Entrepreneurship For Everyone: Mecklenburg Students Learn What It Takes To Start A Business
A lot has changed since Mecklenburg High School students first started school.
In the beginning, they could walk freely in and out of buildings. Almost anyone could visit at any time. But, schools have had to take steps to increase student safety. Now students have to scan a badge to get in and out of buildings, while visitors must use a buzzer at the school entrance.
In a Biz Venture Entrepreneurship course being taught at Mecklenburg’s two high schools this year, students are creating their own businesses. Real businesses, with the opportunity for investment and growth beyond the classroom..
“We hope to make a difference,” says Noah, a junior at Park View High School.

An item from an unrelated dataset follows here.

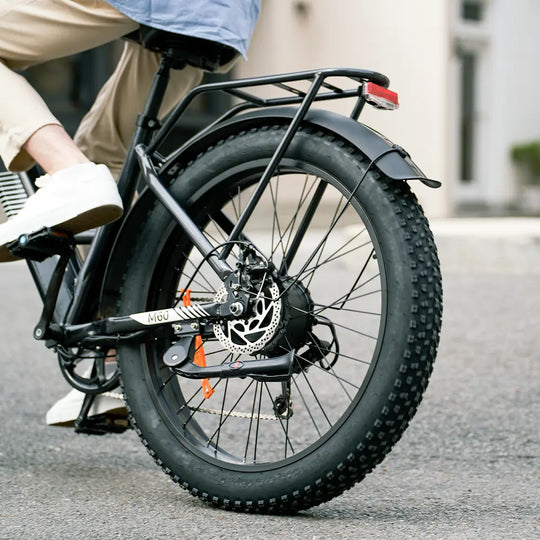 Finbike M60 Fat Tire Electric Bike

He and his team of fellow students think their particular business idea has the potential to save lives when the badges and buzzers fail.
“We have a security device that we’re going to install in schools and banks, high asset facilities,” explains Noah. A sheet of Kevlar®, would be bolted to the floor beneath doors and windows and could be pulled up to cover them like blinds. “That would make you fireproof, bulletproof, those sorts of things, but still give you access to get out when the building’s clear,” says Noah.
That’s one great idea out of many that have materialized in the Biz Venture classes. Although Christopher Clarke has been teaching business and marketing in Mecklenburg for ten years, this is the first year he’s taught the Biz Venture course. The course is an initiative of Virginia’s Growth Alliance (VGA) and funded through the Virginia Department of Housing and Community Development.
“This is a real class where there’s real money that’s going to be invested in ideas,” says Clarke. “It’s real world.”
Offered through Longwood University, the course is designed to have students create a viable product or service. Through a combination of online and in-person instruction, students are guided step-by-step from business idea, to market analysis, financial planning, marketing and, finally, developing a business plan. Students from Longwood University’s College of Business and Economics serve as online mentors to the high school students, providing one-on-one feedback.
At the end of the course, high school students will pitch their business ideas in a friendly Shark-Tank style competition. Judges will dole out $5,000 in investment money, but it will be highly competitive.
Teacher Sara Moore, of Bluestone High School has been blown away by her students’ creativity during the course. They have designed businesses around such concepts as a 24-hour affordable daycare center, a self-charging battery bought through a monthly subscription, a water powered smart car, a clothing boutique and a device which allows friends to share battery powers with each other’s cell phones.
“The real life aspect...actually having real money, real competition and being taught through a university, made it a lot different than other classes,” says Noah. “We have great teachers here, but this just takes it a step further.”
“The money makes me work harder,” says Trevor, another budding entrepreneur. “I pay attention to my GPA, but the money makes me more competitive.” Trevor will be pitching his idea for a smartphone app. “PicAFind” would be a reverse search engine, allowing users to take a picture and search for written information.
“The future of Southside Virginia depends on this. We’re going to need entrepreneurs to keep the area competitive with places like Richmond, northern Virginia and tidewater,” says Clarke, who is also a Clarksville councilman. “Small businesses are going to help Southside Virginia succeed. So, why not start early?”